Washington, 28 April 2000 (RFE/RL) -- The Russian government has extended extra-territorial cultural autonomy to that country's one million gypsies, an arrangement that will almost certainly benefit them but one that could call into question Moscow's commitment to territorial autonomy for other small groups.

Earlier this month, the Russian Ministry for Federation and Nationality Affairs publicly announced the creation of a special federal national-cultural autonomy arrangement for Russia's gypsies. This was the final step in a process that began in November 1999 and that was legally registered by the justice ministry in March 2000.

This kind of autonomy, ministry officials pointed out, is not like the territorial autonomy enjoyed by many other groups.

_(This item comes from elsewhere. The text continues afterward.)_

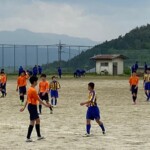 U-15南信2部リーグ戦 第6節 vs 高森 @旭ヶ丘中学校 (2021年5月9日)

It does not give the gypsies control over any particular territory but it does strengthen their rights by establishing a special council under the federation and nationalities ministry.

For a group like the gypsies who live dispersed in relatively small groups across the entire Russian Federation, such an arrangement is a major step forward. Up to now, the gypsies have been subject to discrimination in Russia as in many other countries. They do not have a single school or newspaper in their own language, and their past suffering has often been ignored.

Consequently, the establishment of a special council gives them a chance to speak out in defense of their national interests. And that is what they did last week. Their leaders attacked gypsy stereotypes in the Russian media and the failure of the Russian government to acknowledge the murder of gypsies in Nazi concentration camps.

Even if that is all this council is able to do, this opportunity to speak out will be welcome in a group that has seldom had much of a chance to do so on an official level. But the provision of this new kind of extraterritorial autonomy for one group raises the possibility that Moscow or someone else might come to see it as an option for still other groups.

The territorial autonomies within the Russian Federation are the product of a decision taken by Vladimir Lenin and the Bolshevik Party before the 1917 revolution and institutionalized by Joseph Stalin after that time.

Indeed, the Soviet commitment to territorial autonomy was defined by opposition to the conception of extraterritorial cultural autonomy advanced by Austro-Hungarian Marxists Otto Bauer and Karl Renner.

In the early years of the 20th century, Bauer and Renner sketched out a system whereby individuals would enjoy national rights regardless of their place of residence rather than only in places where they had a majority of the population.

Such an arrangement appealed to many dispersed groups, including the Jews of tsarist Russia, but it was opposed by Lenin and others who saw it both as unwieldy administratively and as a threat to the unity of the working class.

And as a result, the communist authorities always opposed the idea of extraterritorial cultural autonomy for any group, and the Russian Federation until now has continued that Soviet-era opposition.

Now, however, Moscow has extended precisely that kind of autonomy to the gypsies, and other widely dispersed groups may come to see that as a goal for themselves, especially if they are not one of the nationalities enjoying even the limited rights of territorial autonomy now.

But the extension of extraterritorial cultural autonomy to the gypsies could have another consequence for non-Russians in the Russian Federation, one that could threaten the rights and privileges they now have.

In 16 of the 22 non-Russian autonomies inside the Russian Federation, the titular nationality forms less than half of the population, and in some cases vastly less than half. That has angered many Russians, and at least some of them might see an extraterritorial arrangement as a way of reducing non-Russian privileges.

At the very least, this possibility is likely to provoke debate both in Moscow and in non-Russian regions, one in which ideas born at the turn of the last century may structure new thinking about arrangements at the beginning of this one.